- EXERCISE GOAL
Retype all of the data exactly as given.

- EXERCISE MATERIAL
====

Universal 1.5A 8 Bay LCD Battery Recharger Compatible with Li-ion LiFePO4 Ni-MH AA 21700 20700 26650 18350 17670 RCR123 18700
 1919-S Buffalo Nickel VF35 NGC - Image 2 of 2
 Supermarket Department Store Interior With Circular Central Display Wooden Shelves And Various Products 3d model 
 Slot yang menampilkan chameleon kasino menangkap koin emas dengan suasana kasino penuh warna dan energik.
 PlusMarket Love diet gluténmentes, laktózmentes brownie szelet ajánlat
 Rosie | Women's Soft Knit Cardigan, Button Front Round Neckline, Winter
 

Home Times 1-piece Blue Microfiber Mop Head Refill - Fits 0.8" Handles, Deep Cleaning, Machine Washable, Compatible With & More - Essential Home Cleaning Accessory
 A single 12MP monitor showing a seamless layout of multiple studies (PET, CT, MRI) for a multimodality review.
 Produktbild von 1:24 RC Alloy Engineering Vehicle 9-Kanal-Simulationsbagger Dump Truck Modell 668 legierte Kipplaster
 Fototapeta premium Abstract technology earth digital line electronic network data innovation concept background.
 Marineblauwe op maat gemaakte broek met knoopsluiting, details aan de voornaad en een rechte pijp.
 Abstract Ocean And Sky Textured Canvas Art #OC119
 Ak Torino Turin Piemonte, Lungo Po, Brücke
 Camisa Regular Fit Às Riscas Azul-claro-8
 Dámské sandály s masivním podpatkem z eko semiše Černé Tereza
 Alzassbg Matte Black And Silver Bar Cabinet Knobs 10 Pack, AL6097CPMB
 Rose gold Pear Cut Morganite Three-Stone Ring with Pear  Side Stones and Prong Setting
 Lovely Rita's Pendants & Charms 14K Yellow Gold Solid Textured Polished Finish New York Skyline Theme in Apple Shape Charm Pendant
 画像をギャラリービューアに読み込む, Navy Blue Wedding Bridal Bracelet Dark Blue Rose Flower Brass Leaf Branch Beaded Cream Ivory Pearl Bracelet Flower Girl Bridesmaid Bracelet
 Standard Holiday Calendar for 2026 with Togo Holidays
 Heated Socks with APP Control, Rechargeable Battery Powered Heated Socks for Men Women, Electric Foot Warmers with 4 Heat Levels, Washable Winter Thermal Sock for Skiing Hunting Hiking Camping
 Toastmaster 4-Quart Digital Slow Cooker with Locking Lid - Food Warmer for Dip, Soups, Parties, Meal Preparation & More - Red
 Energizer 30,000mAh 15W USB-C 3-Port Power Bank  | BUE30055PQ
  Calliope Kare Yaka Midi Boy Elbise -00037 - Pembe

====

- TASK RESULT
Universal 1.5A 8 Bay LCD Battery Recharger Compatible with Li-ion LiFePO4 Ni-MH AA 21700 20700 26650 18350 17670 RCR123 18700
 1919-S Buffalo Nickel VF35 NGC - Image 2 of 2
 Supermarket Department Store Interior With Circular Central Display Wooden Shelves And Various Products 3d model 
 Slot yang menampilkan chameleon kasino menangkap koin emas dengan suasana kasino penuh warna dan energik.
 PlusMarket Love diet gluténmentes, laktózmentes brownie szelet ajánlat
 Rosie | Women's Soft Knit Cardigan, Button Front Round Neckline, Winter
 

Home Times 1-piece Blue Microfiber Mop Head Refill - Fits 0.8" Handles, Deep Cleaning, Machine Washable, Compatible With & More - Essential Home Cleaning Accessory
 A single 12MP monitor showing a seamless layout of multiple studies (PET, CT, MRI) for a multimodality review.
 Produktbild von 1:24 RC Alloy Engineering Vehicle 9-Kanal-Simulationsbagger Dump Truck Modell 668 legierte Kipplaster
 Fototapeta premium Abstract technology earth digital line electronic network data innovation concept background.
 Marineblauwe op maat gemaakte broek met knoopsluiting, details aan de voornaad en een rechte pijp.
 Abstract Ocean And Sky Textured Canvas Art #OC119
 Ak Torino Turin Piemonte, Lungo Po, Brücke
 Camisa Regular Fit Às Riscas Azul-claro-8
 Dámské sandály s masivním podpatkem z eko semiše Černé Tereza
 Alzassbg Matte Black And Silver Bar Cabinet Knobs 10 Pack, AL6097CPMB
 Rose gold Pear Cut Morganite Three-Stone Ring with Pear  Side Stones and Prong Setting
 Lovely Rita's Pendants & Charms 14K Yellow Gold Solid Textured Polished Finish New York Skyline Theme in Apple Shape Charm Pendant
 画像をギャラリービューアに読み込む, Navy Blue Wedding Bridal Bracelet Dark Blue Rose Flower Brass Leaf Branch Beaded Cream Ivory Pearl Bracelet Flower Girl Bridesmaid Bracelet
 Standard Holiday Calendar for 2026 with Togo Holidays
 Heated Socks with APP Control, Rechargeable Battery Powered Heated Socks for Men Women, Electric Foot Warmers with 4 Heat Levels, Washable Winter Thermal Sock for Skiing Hunting Hiking Camping
 Toastmaster 4-Quart Digital Slow Cooker with Locking Lid - Food Warmer for Dip, Soups, Parties, Meal Preparation & More - Red
 Energizer 30,000mAh 15W USB-C 3-Port Power Bank  | BUE30055PQ
  Calliope Kare Yaka Midi Boy Elbise -00037 - Pembe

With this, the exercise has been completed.